NOTES TO UNAUDITED PRO FORMA CONDENSED CONSOLIDATED FINANCIAL STATEMENTS
Pro Forma Adjustments
Pro Forma Adjustments for Pike Street
(a) The purchase price adjustments reflect cash and direct acquisition costs of approximately $12.7 million to acquire certain assets of Pike Street. Additionally, the Company issued 242,748 shares of Class B common stock valued at $17.18 per share (for accounting purposes) for an aggregate amount of $4.2 million and 212,404 shares of restricted Class B common stock valued at $16.85 per share (the last reported sales price on the closing date) for an aggregate amount of $3.6 million. The $3.6 million of restricted Class B common stock was recorded as deferred stock compensation and the Company expects to recognize stock-based compensation expense over the associated three-year employment periods over which those shares vest, using the accelerated methodology described in FASB Interpretation No. 28,Accounting for Stock Appreciation Rights and Other Variable Stock Option or Award Plans.

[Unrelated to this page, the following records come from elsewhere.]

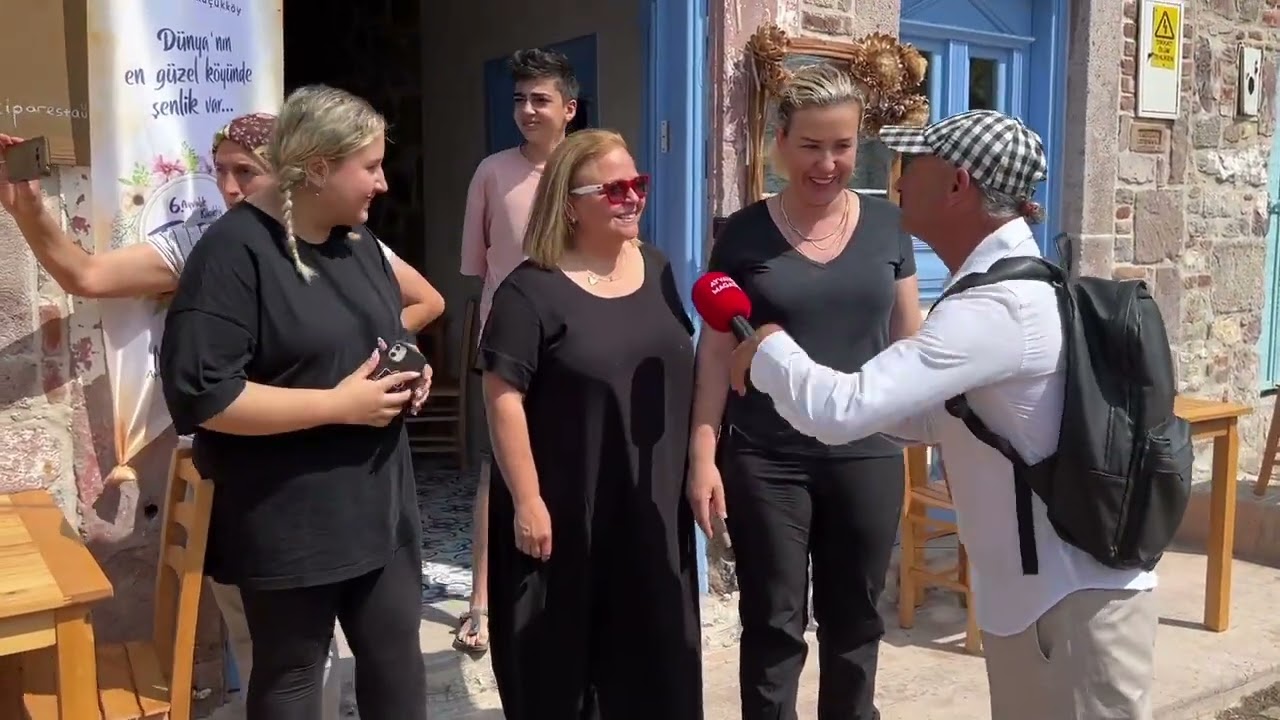 Teferiç Şenlikleri 1. Bölüm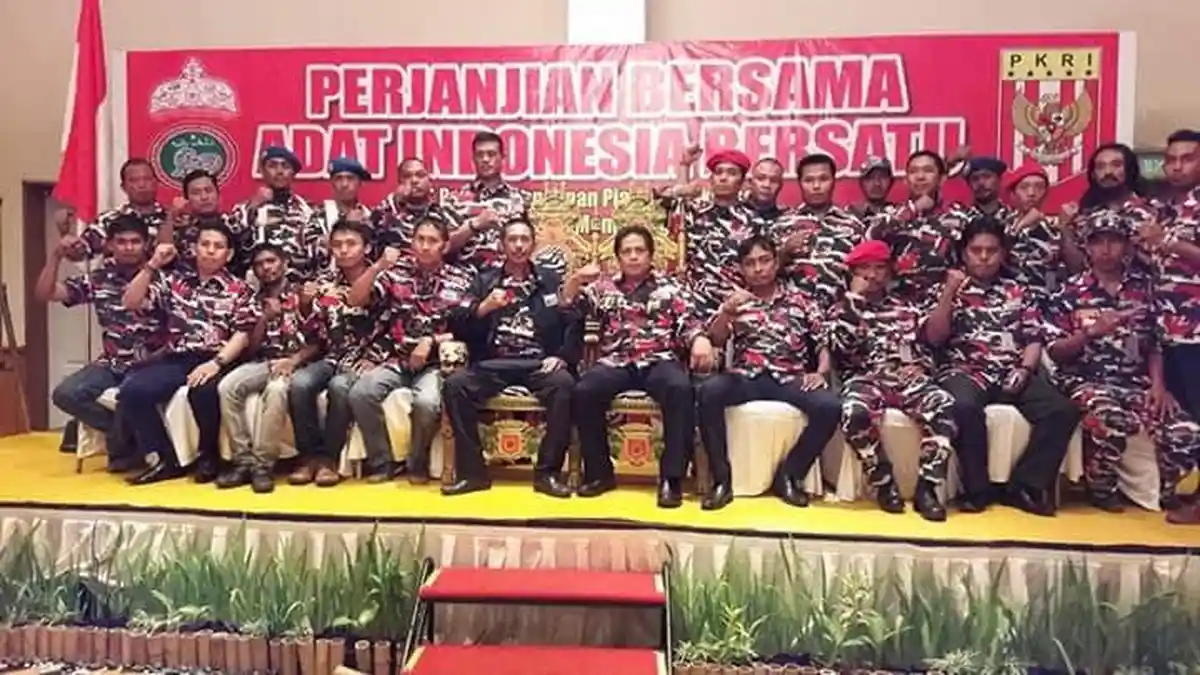 LMP Sulsel Minta Gubernur Segera Tangani Kisruh Lembaga Adat di Gowa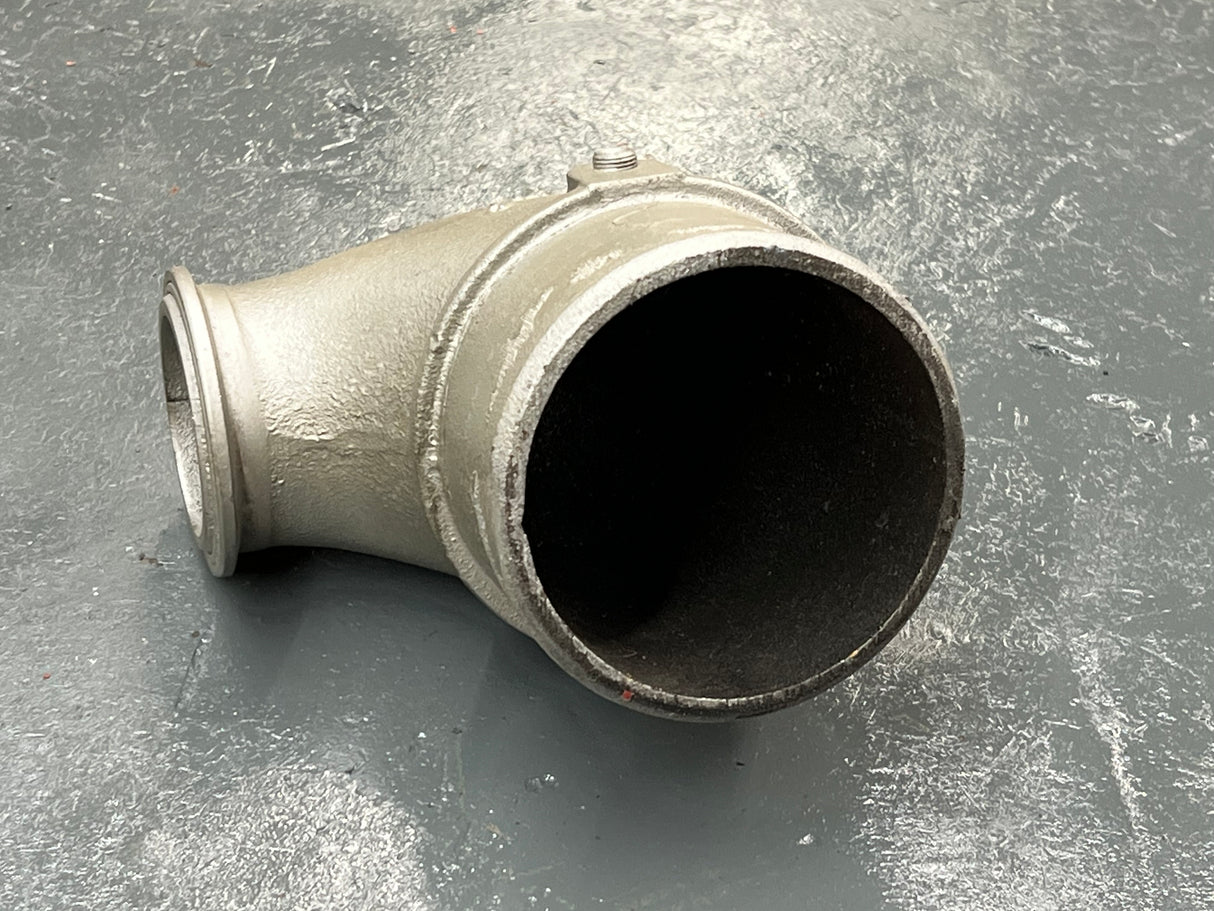 CUMMINS DIESEL ENGINE 3883977 Air Transfer Elbow Tube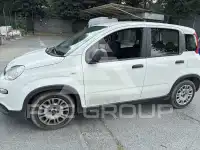 2023 Fiat Panda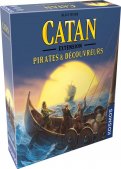 Catan :  Pirates et Découvreurs (Extension)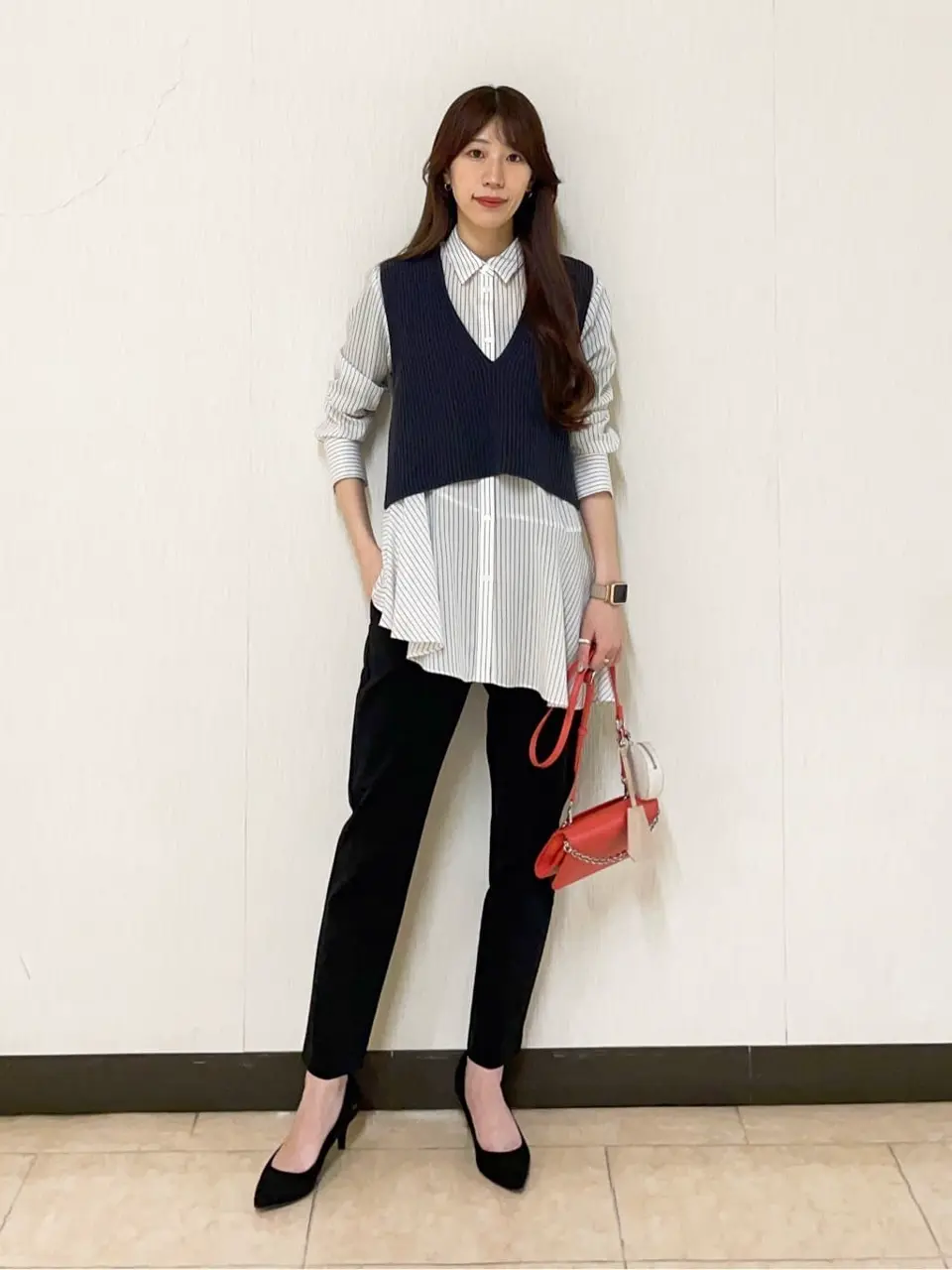 ICB Manami コーディネート画像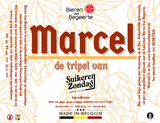 Marcel, de Tripel van Suikeren Zondag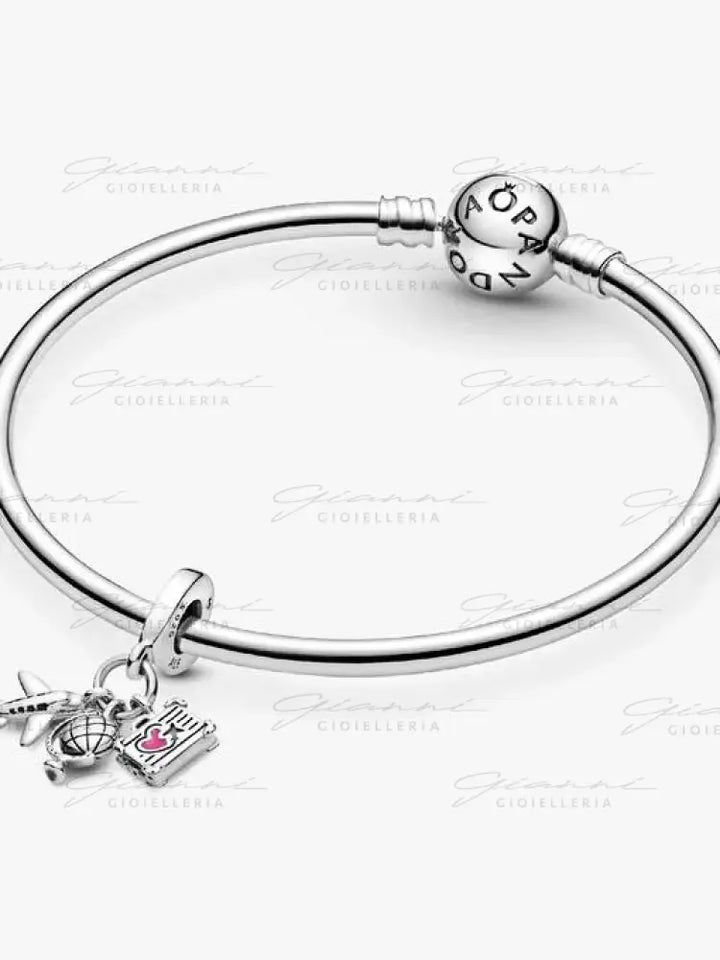 Charm Pandora - Pendente Passione Viaggio Charm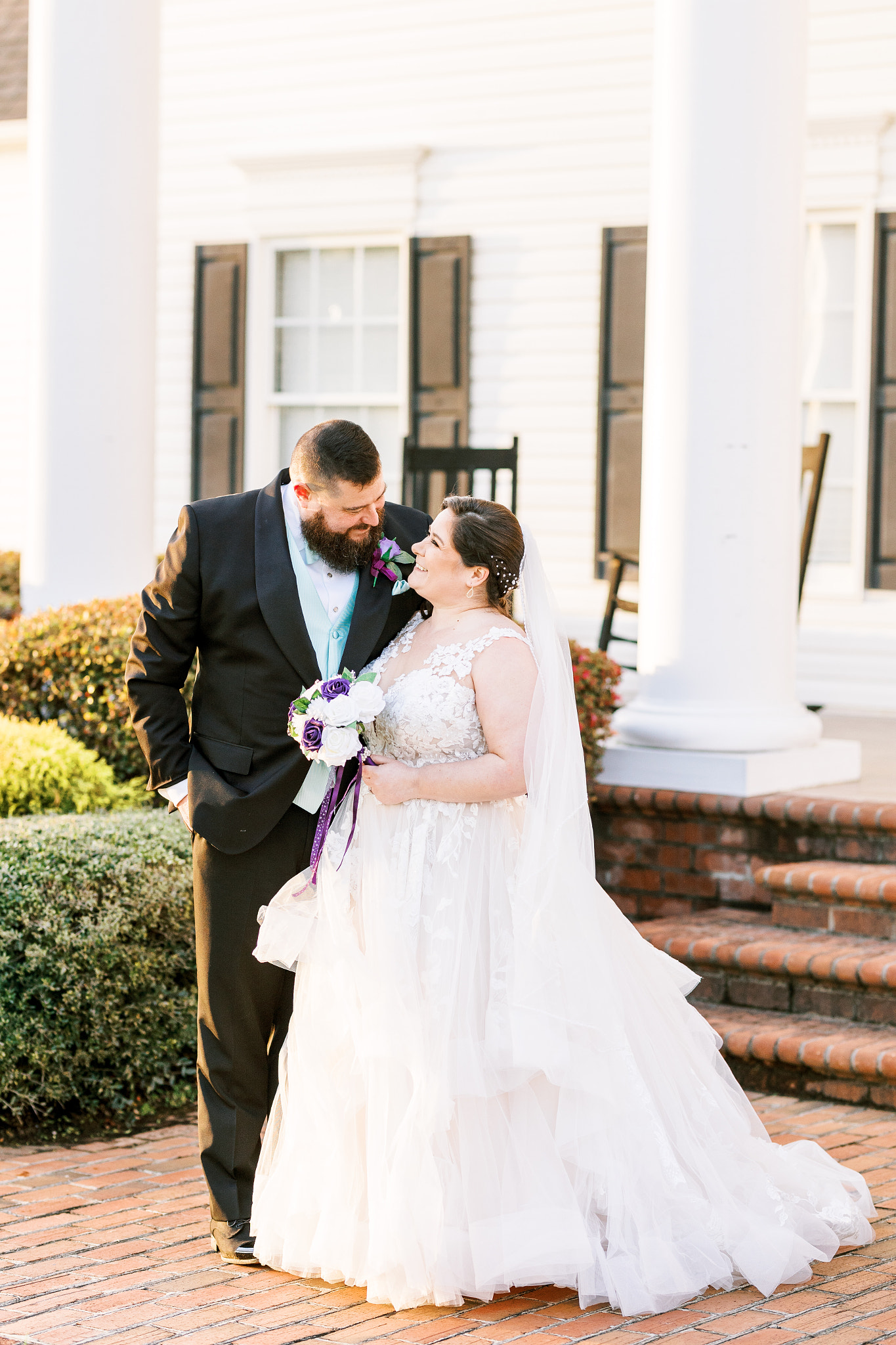 Seven Paths Manor Wedding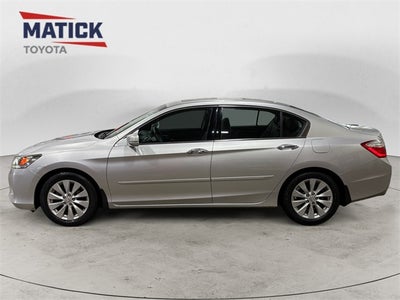 2013 Honda Accord Touring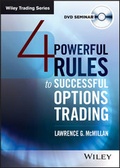 Cover: 4 Powerful Rules to Successful Options Trading - Marketplace Books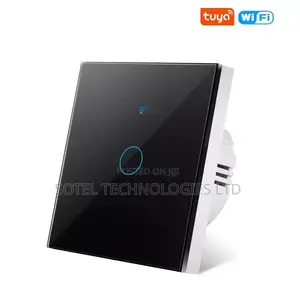 1 Gang Wifi Smart Switch Tuya Smart Life Alexa Google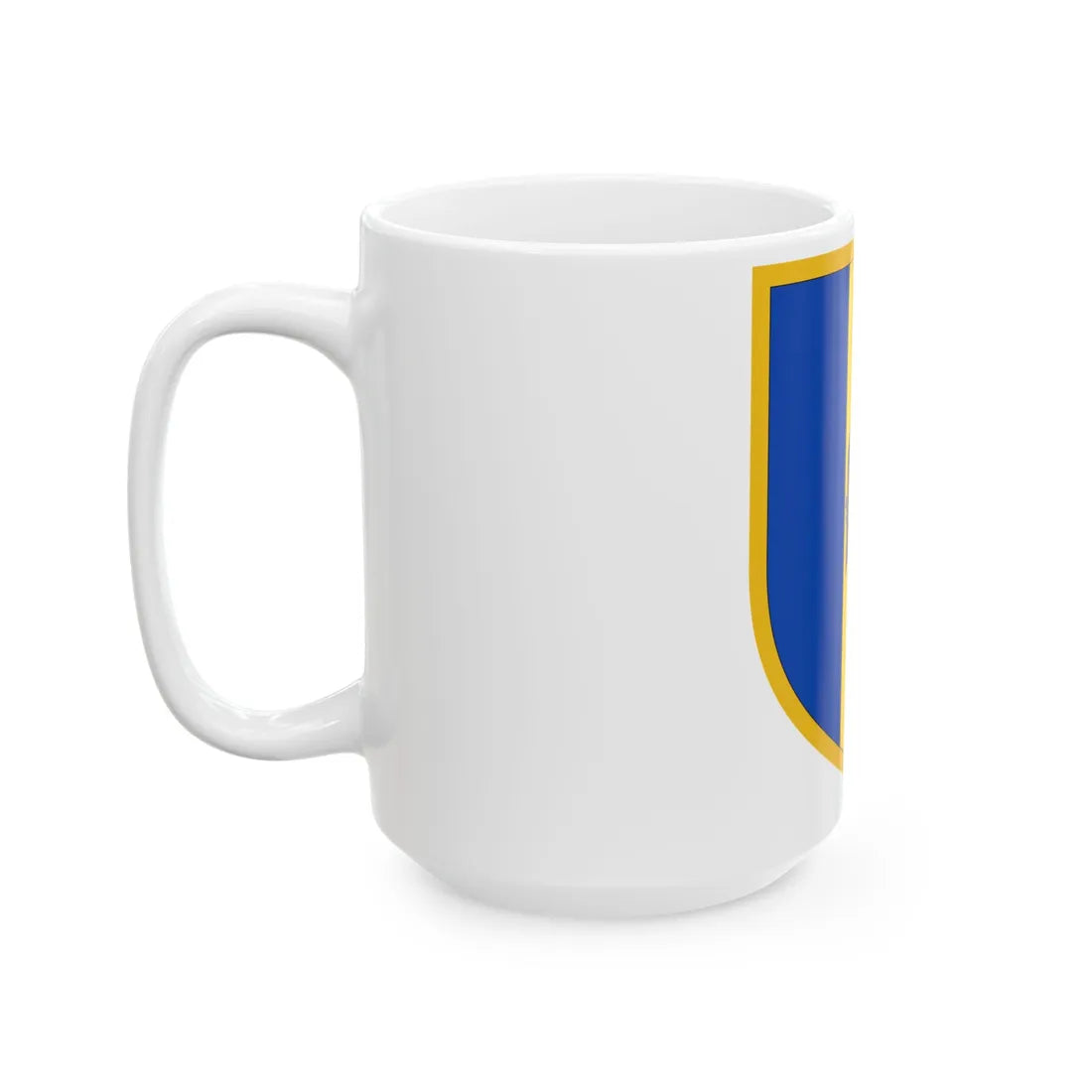 Scudetto Moldova (Moldova) White Coffee Mug - Go Mug Yourself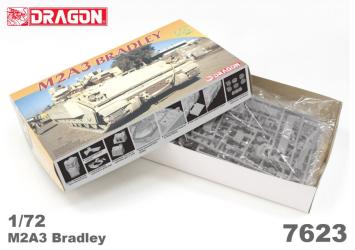 Dragon 7623 M2A3 Bradley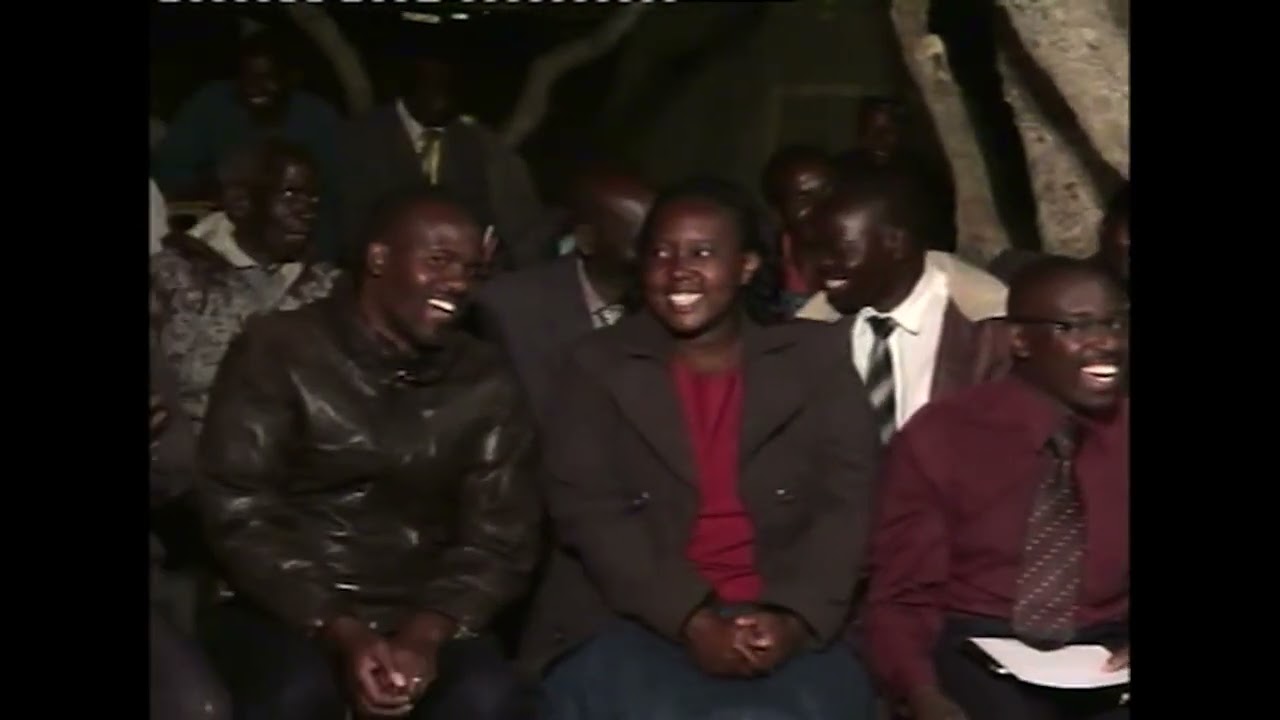 Ps Nyahuma - When the Trumpet Shall sound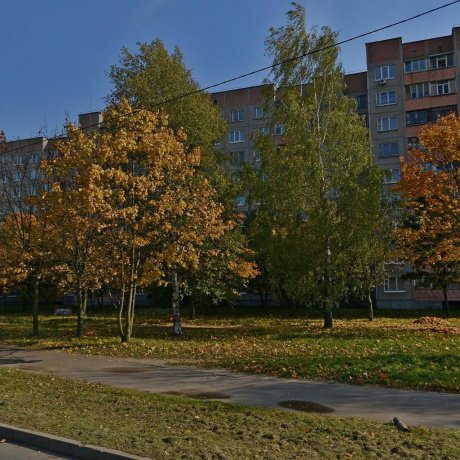 Дом по адресу Минск, Ротмистрова, 32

For purposes of the pro forma financial information, a summary of the purchase price consideration for the acquisition is as follows:
Cash | $ | 12,500,000 | |
Stock issued | 4,170,411 | ||
Direct acquisition costs | 161,750 | ||
Total | $ | 16,832,161 | |
The following represents the allocation of the acquired assets of Pike Street. The allocation is based upon Pike Street’s assets as of March 31, 2005.
Equipment | $ | 6,874 | |
Goodwill | 11,800,287 | ||
Identifiable intangible assets | 5,025,000 | ||
Total | $ | 16,832,161 | |
Goodwill represents the excess of the purchase price over the fair value of tangible and identifiable intangible assets. The unaudited pro forma condensed consolidated statements of operations do not reflect the amortization of goodwill acquired which is consistent with the guidance in the Financial Accounting Standards Board (FASB), Statement No. 142,Goodwill and Other Intangible Assets. The amortization expense of the identifiable intangible assets is deductible for tax purposes over 15 years.
(b) Represents the elimination of the historical stockholders’ equity and assets, liabilities not acquired or assumed as part of the Pike Street asset acquisition.
(c) Represents the amortization of identifiable intangible assets associated with the acquisition of certain assets of Pike Street, which are amortized over their useful lives ranging from 36 to 84 months. Amortization totals $1.5 million in the first twelve months and $1.9 million in the first fifteen months following the acquisition. Pike Street for the year ended December 31, 2004 and for the three months ended March 31, 2005, recorded approximately $63,000 and $18,000, respectively, of amortization included in service costs related to the above-noted intangible assets.
(d) Represents stock-based compensation expense associated with shares of restricted Class B common stock issued to the former stockholders of Pike Street who became employees of the Company. The shares of
6
MARCHEX, INC.
NOTES TO UNAUDITED PRO FORMA CONDENSED CONSOLIDATED FINANCIAL STATEMENTS
restricted Class B common stock were value at approximately $3.6 million at the acquisition date. The Company is recognizing stock-based compensation expense for the value of these shares over the associated employment period in which these shares vest, which results in $2.3 million in amortization in the first twelve months and $2.6 million in the first fifteen months following the acquisition.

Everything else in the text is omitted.